**HOW TO COMPLETE THIS TASK:** Exactly and only the lines from the line holding "Construction Sling Unit" to the end of the records should be reproduced. Leave pictures out.
[Opening RECORDS SHOWN section]
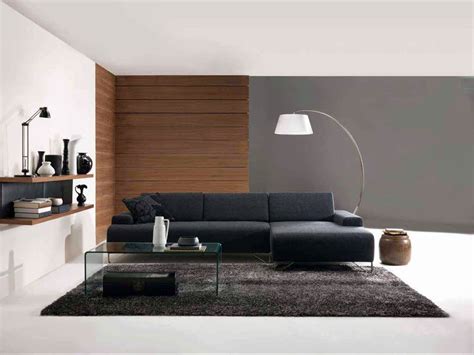 20 Exquisite Minimalist Modern Furniture You Wish You Had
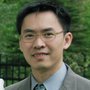 Photo of Yaoshen Cai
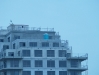 Construction Sling Unit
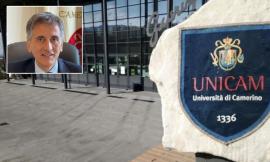 "Unicam svelata", il 20 marzo lezioni aperte ed eventi: il programma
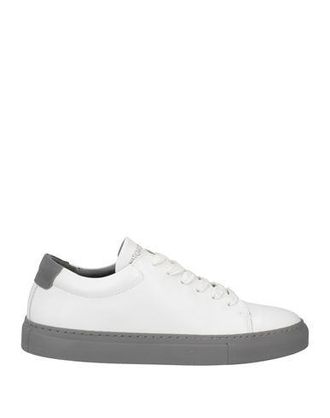 National Standard CALZATURE - Sneakers su YOOX.COM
[Closing RECORDS SHOWN section]
**EXPECTED ANSWER:**
 Construction Sling Unit
 "Unicam svelata", il 20 marzo lezioni aperte ed eventi: il programma
 National Standard CALZATURE - Sneakers su YOOX.COM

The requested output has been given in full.